• TASK PROMPT: With the pictures left out, restate exactly the part below that opens with the line containing "A student typing" and closes with the line containing "two women carrying".

• MATERIAL TO PROCESS:
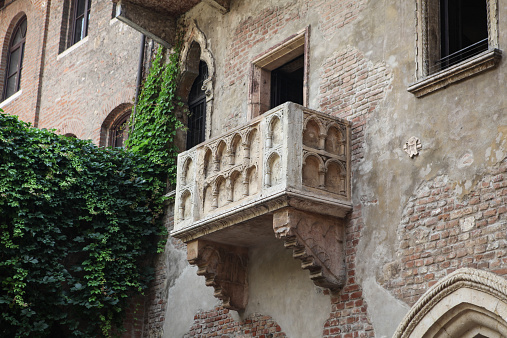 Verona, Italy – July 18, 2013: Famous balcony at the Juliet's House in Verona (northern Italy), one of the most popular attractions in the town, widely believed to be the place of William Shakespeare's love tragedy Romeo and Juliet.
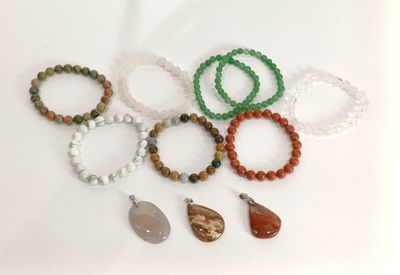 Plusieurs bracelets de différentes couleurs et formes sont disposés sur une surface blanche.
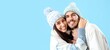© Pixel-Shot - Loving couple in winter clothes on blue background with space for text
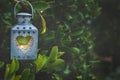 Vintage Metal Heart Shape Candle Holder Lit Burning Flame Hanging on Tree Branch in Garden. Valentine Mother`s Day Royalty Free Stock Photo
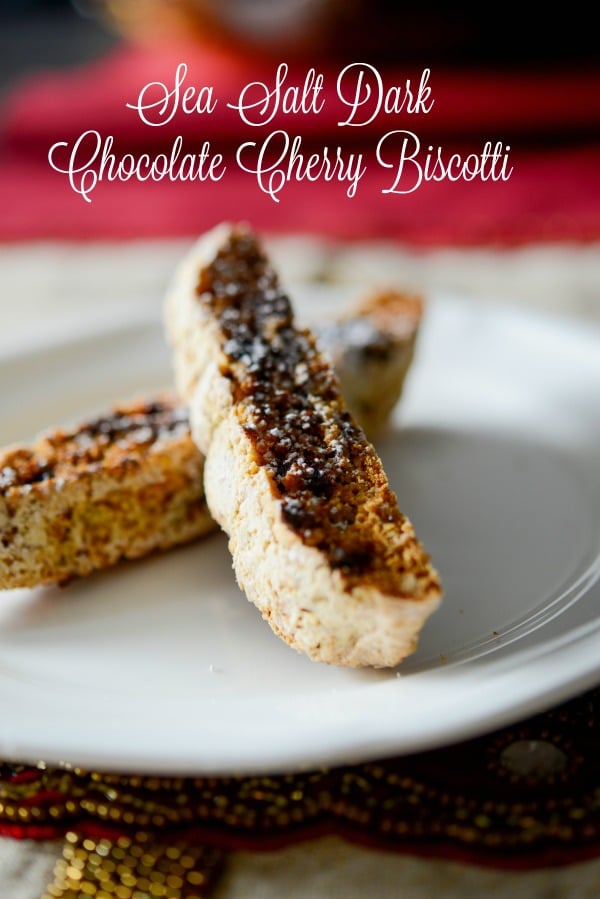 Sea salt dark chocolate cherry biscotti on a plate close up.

* * *

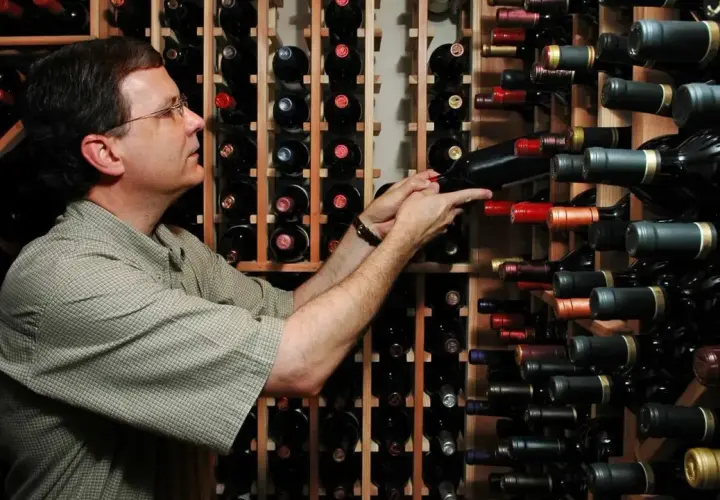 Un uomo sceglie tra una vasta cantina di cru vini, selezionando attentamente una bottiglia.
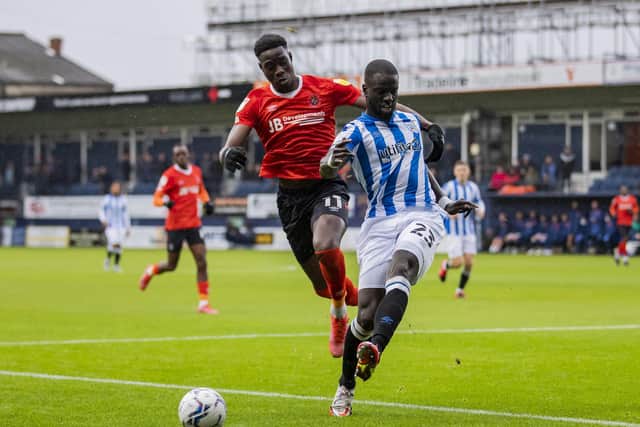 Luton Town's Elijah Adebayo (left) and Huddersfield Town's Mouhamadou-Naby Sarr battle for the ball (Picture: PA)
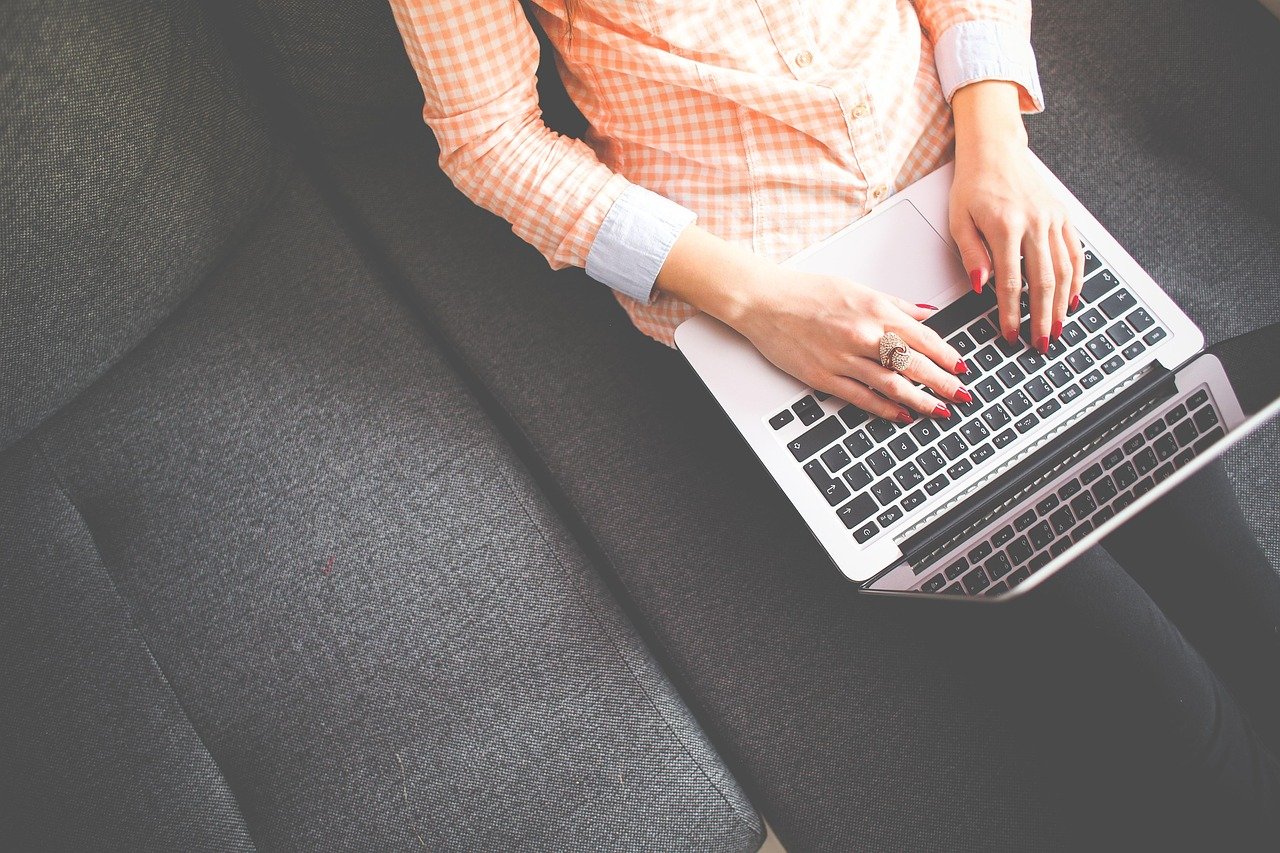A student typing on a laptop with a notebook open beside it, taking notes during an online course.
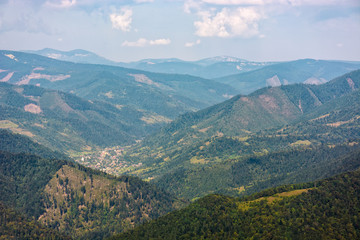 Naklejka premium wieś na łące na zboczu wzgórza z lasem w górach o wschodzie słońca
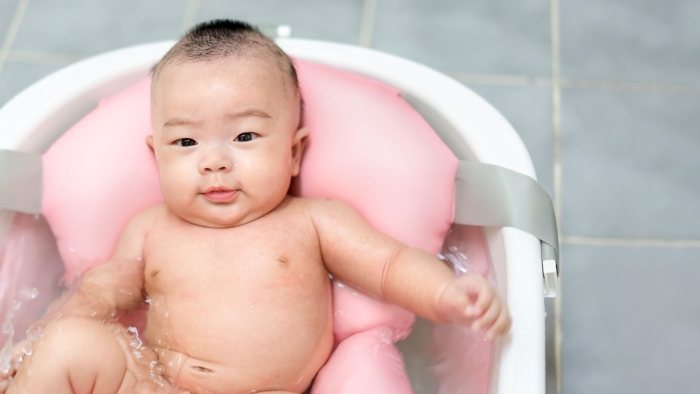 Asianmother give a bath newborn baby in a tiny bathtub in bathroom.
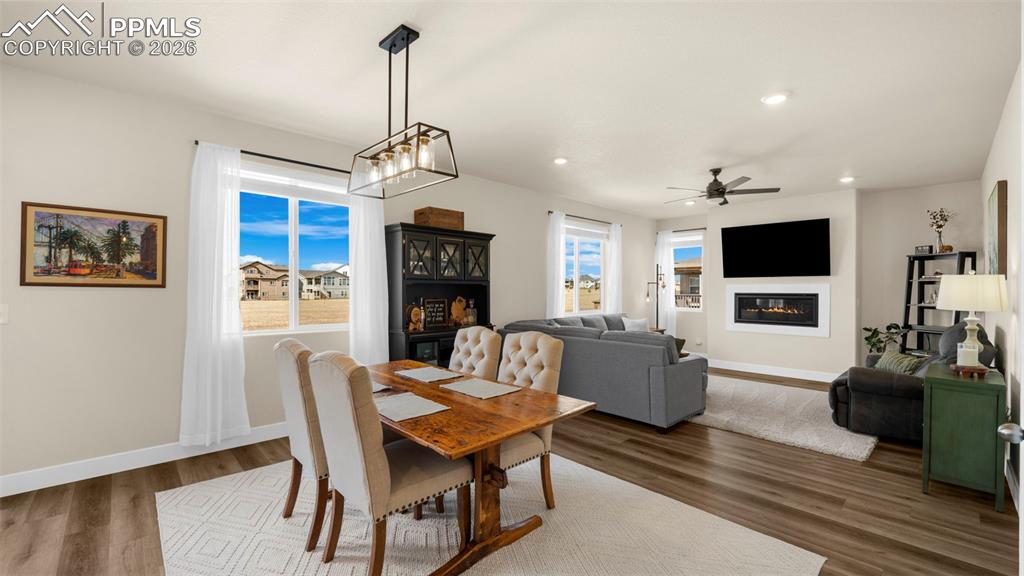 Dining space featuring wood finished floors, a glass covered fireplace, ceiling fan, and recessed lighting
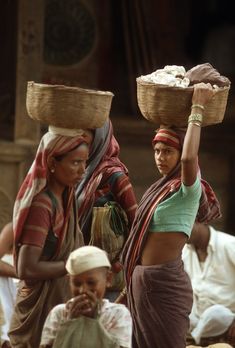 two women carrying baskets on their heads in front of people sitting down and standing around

• EXERCISE RESPONSE:
A student typing on a laptop with a notebook open beside it, taking notes during an online course.
 Naklejka premium wieś na łące na zboczu wzgórza z lasem w górach o wschodzie słońca
 Asianmother give a bath newborn baby in a tiny bathtub in bathroom.
 Dining space featuring wood finished floors, a glass covered fireplace, ceiling fan, and recessed lighting
 two women carrying baskets on their heads in front of people sitting down and standing around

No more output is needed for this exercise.